Only the pictures should be dropped; every line of the data must come back exactly as written.
==== Dataset section ====
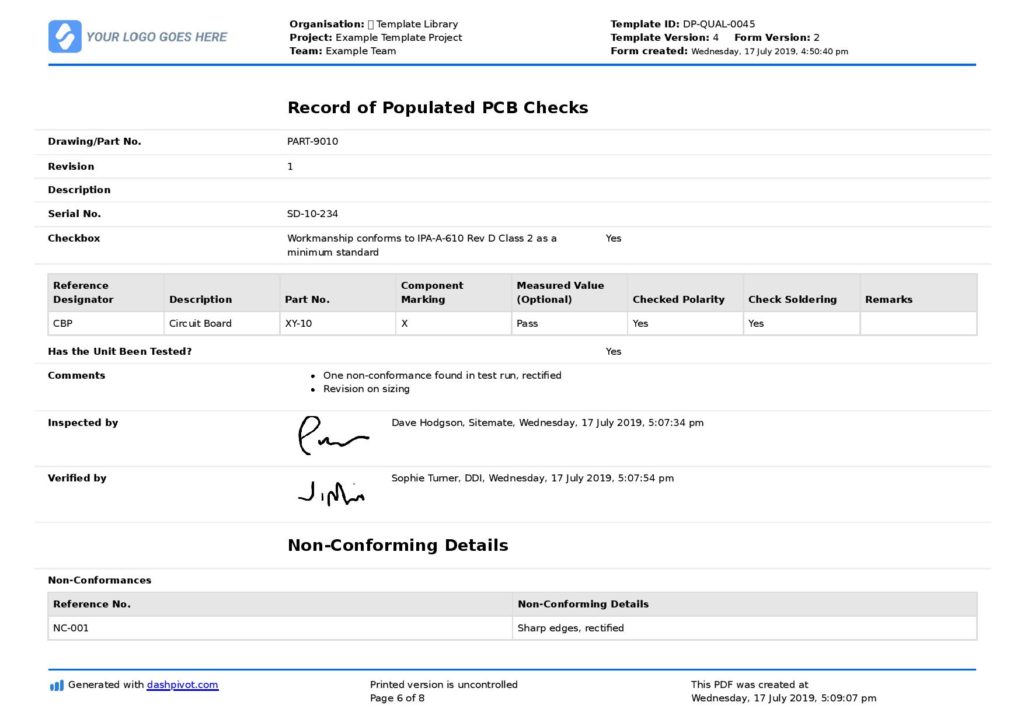 Project management issue log Project management issue log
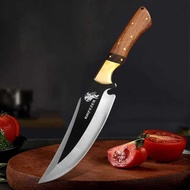 Super Sharp Carbon Steel Forged Butcher Knife with Case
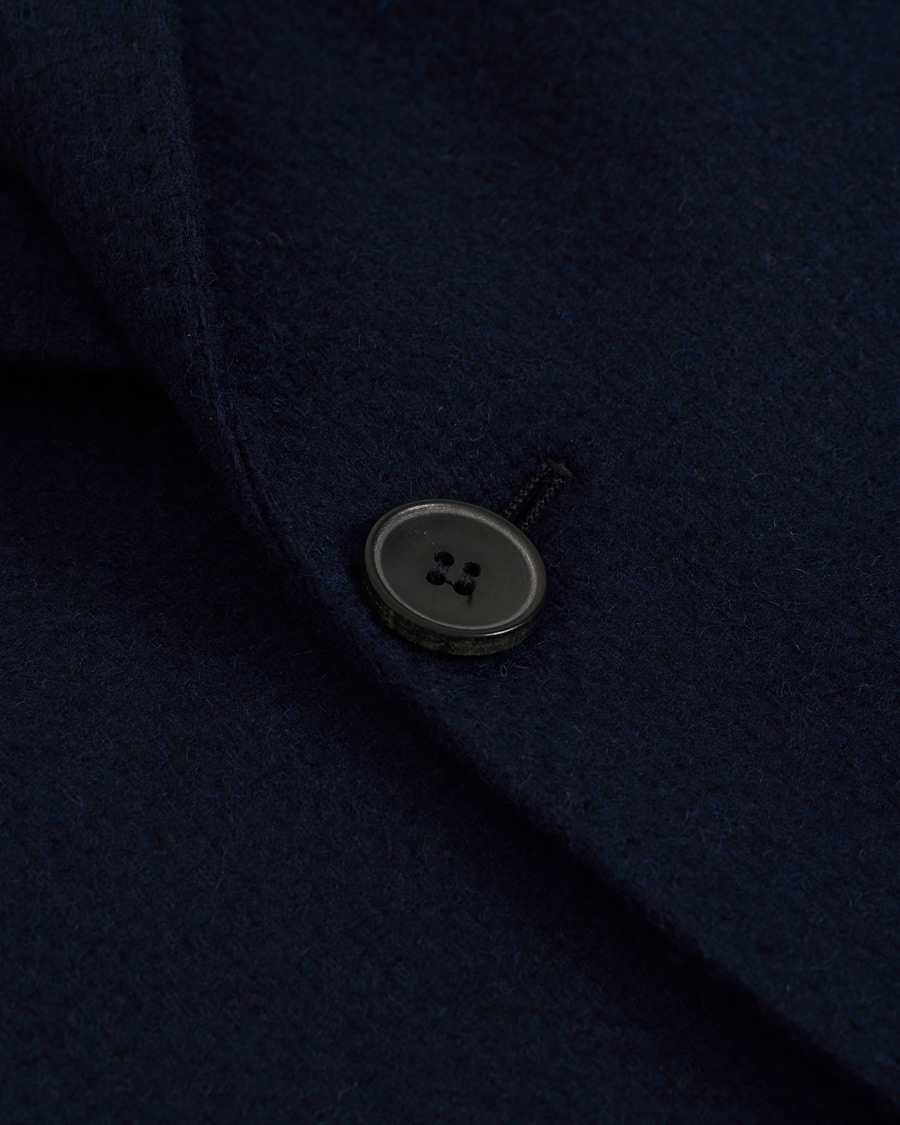 Herren | Jacken | Morris Heritage | Structured Wool Patch Pocket Coat Navy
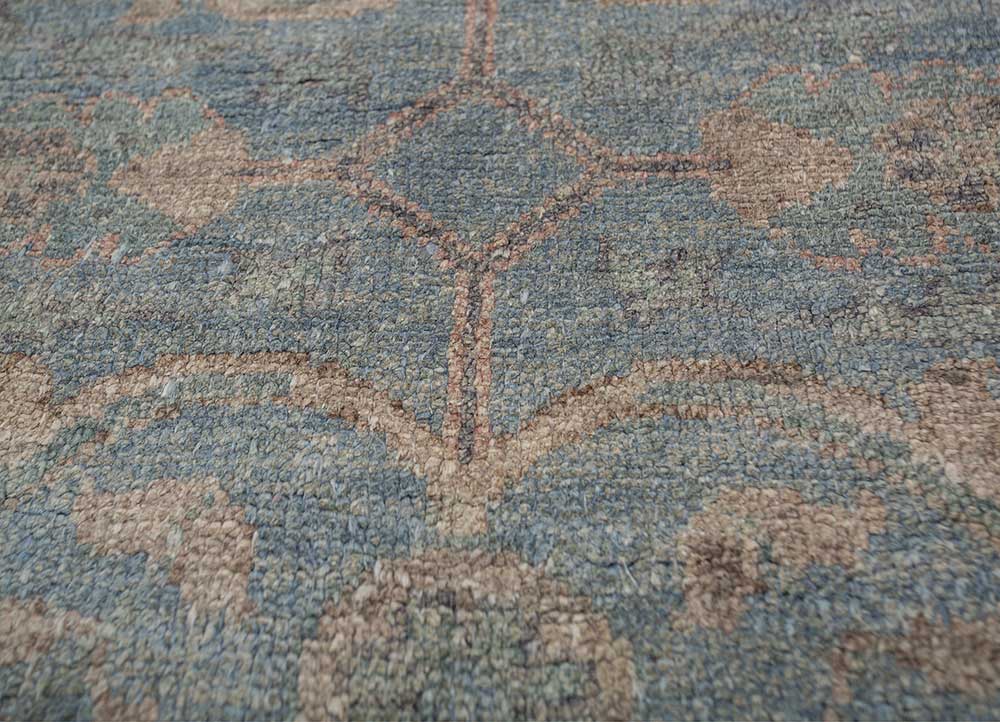 Tapis design - 300 x 240 cm - bleu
====
**Task output:**
 Project management issue log Project management issue log
 Super Sharp Carbon Steel Forged Butcher Knife with Case
 Herren | Jacken | Morris Heritage | Structured Wool Patch Pocket Coat Navy
 Tapis design - 300 x 240 cm - bleu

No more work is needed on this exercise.